▸ **TASK BRIEF**
Look below for the line with "Bệnh nhân nhiễm"; begin the copy there and stop after the line with "Serratia Marcescens Inoculated", keeping the text exact and the pictures out.

** Opening ENTRIES SUPPLIED block **

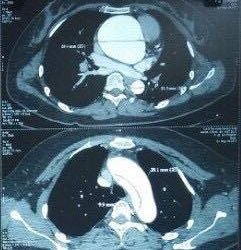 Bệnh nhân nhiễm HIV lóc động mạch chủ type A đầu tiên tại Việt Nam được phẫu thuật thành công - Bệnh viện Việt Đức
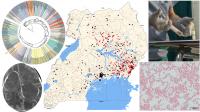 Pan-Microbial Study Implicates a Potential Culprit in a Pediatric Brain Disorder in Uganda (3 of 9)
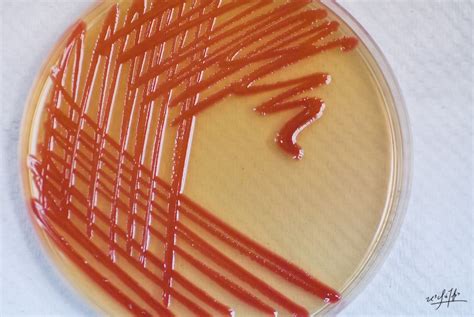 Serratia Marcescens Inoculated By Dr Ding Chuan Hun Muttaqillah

** Closing ENTRIES SUPPLIED block **
** Opening ENTRIES SUPPLIED block **

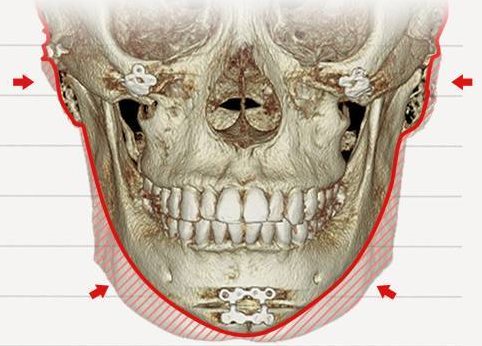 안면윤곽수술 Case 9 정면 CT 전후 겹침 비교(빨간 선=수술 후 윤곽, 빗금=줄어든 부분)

** Closing ENTRIES SUPPLIED block **
** Opening ENTRIES SUPPLIED block **

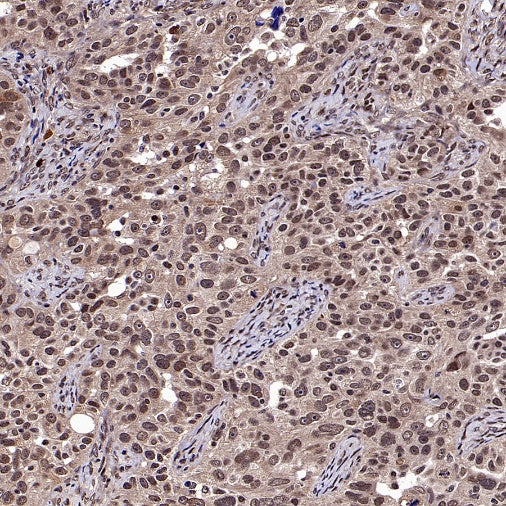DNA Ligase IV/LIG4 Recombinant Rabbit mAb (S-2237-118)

** Closing ENTRIES SUPPLIED block **

▸ **REPLY TO THE TASK**
 Bệnh nhân nhiễm HIV lóc động mạch chủ type A đầu tiên tại Việt Nam được phẫu thuật thành công - Bệnh viện Việt Đức
 Pan-Microbial Study Implicates a Potential Culprit in a Pediatric Brain Disorder in Uganda (3 of 9)
 Serratia Marcescens Inoculated By Dr Ding Chuan Hun Muttaqillah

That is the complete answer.